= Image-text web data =
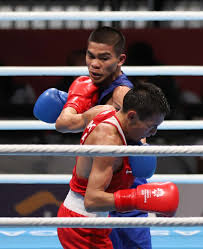Jun 23, 2021 · the other 13 filipino olympians include gymnast carlos yulo, boxers eumir marcial, nesthy petecio, irish magno, and carlo paalam, weightlifters hidilyn diaz and elreen ando, skateboarder margielyn. Carlo Paalam Settles In The Asian Light Flyweight On Bronze
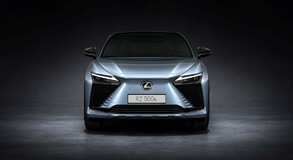 Lexus RZ 2025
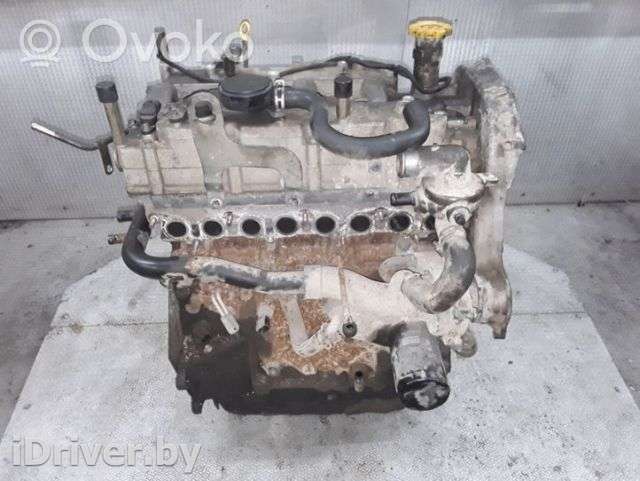 Двигатель  Chrysler Voyager 4 2.5  Дизель, 2003г. vm07c , artDEV232681  - Фото 1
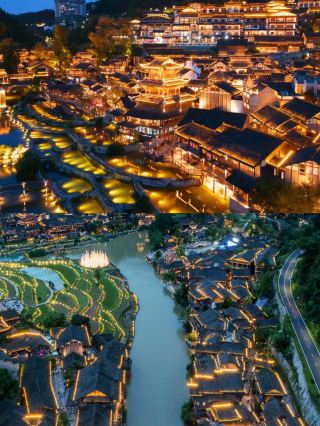 High-speed Rail Just Two Hours Away! Guizhou Wujiang Village: So Beautiful I Didn't Want to Leave!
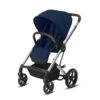 Balios S Lux - Navy Blue -Babyproducten Winkel cybex gold balios s lux navy blue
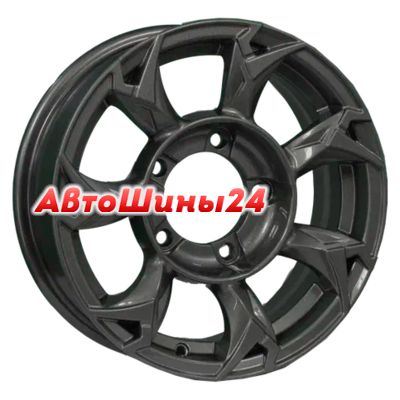 5,5x15/5x139,7 ET5 D108,1 KHW1505 (Jimny) Gray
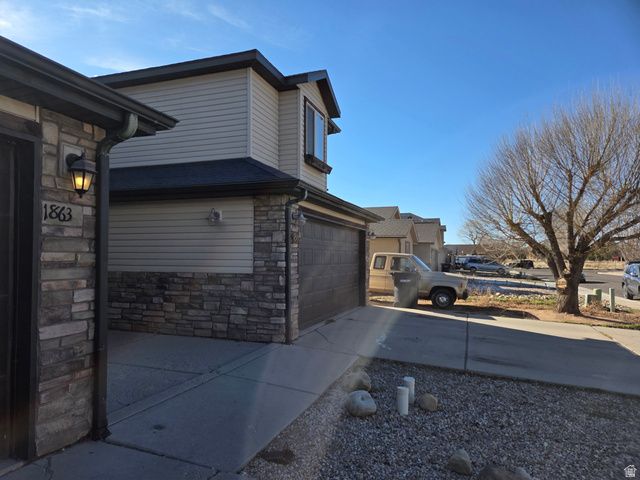 1865 W CLARK PKWY, Cedar City, UT 84721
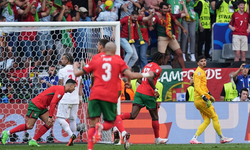 Avrupa basını, Türkiye - Portekiz maçını yazdı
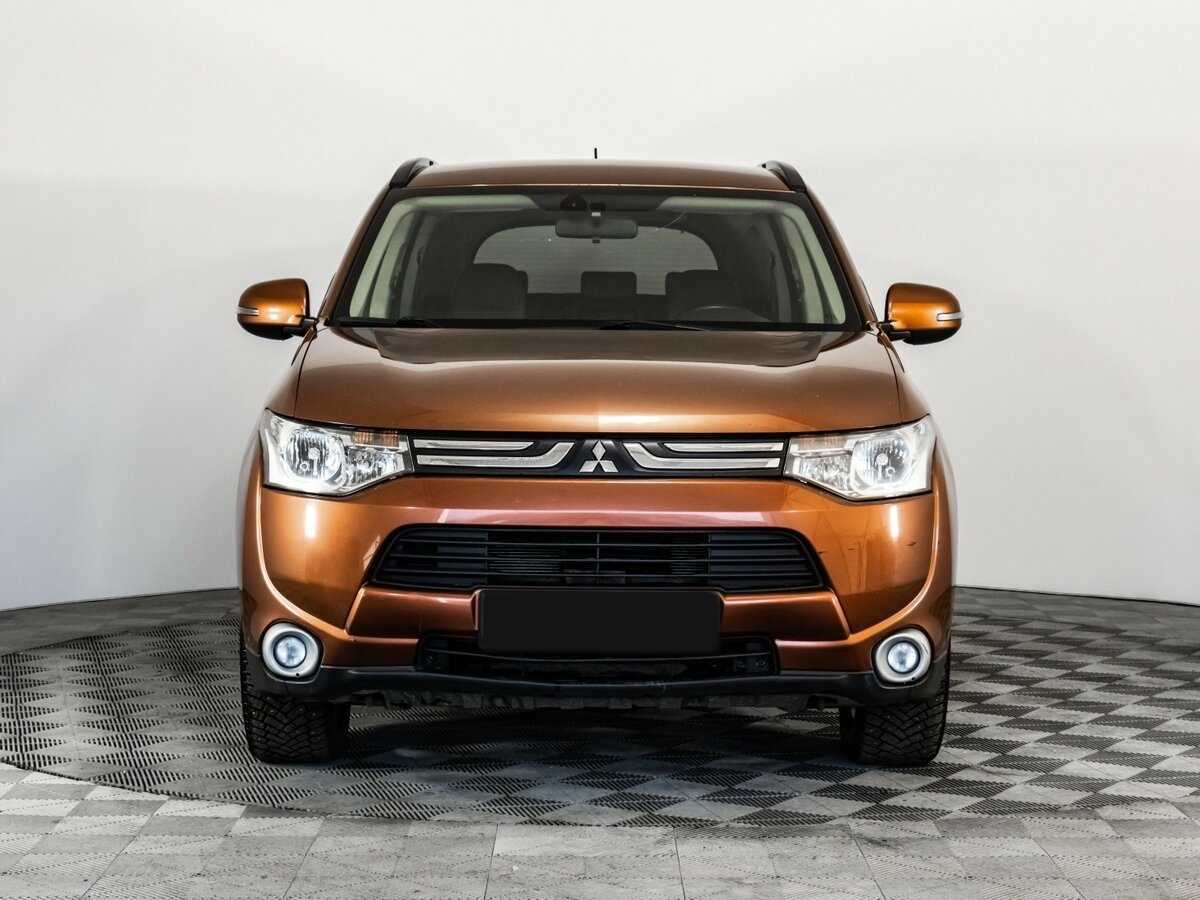 Купить Mitsubishi Outlander, 2012, 202 443 км.. Фото: #1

= Required action =
Give back, word for word, the lines from the line that contains "Lexus RZ 2025" through the last line of the records, with no pictures and nothing else.

= Result of this exercise =
 Lexus RZ 2025
 Двигатель  Chrysler Voyager 4 2.5  Дизель, 2003г. vm07c , artDEV232681  - Фото 1
 High-speed Rail Just Two Hours Away! Guizhou Wujiang Village: So Beautiful I Didn't Want to Leave!
 Balios S Lux - Navy Blue -Babyproducten Winkel cybex gold balios s lux navy blue
 5,5x15/5x139,7 ET5 D108,1 KHW1505 (Jimny) Gray
 1865 W CLARK PKWY, Cedar City, UT 84721
 Avrupa basını, Türkiye - Portekiz maçını yazdı
 Купить Mitsubishi Outlander, 2012, 202 443 км.. Фото: #1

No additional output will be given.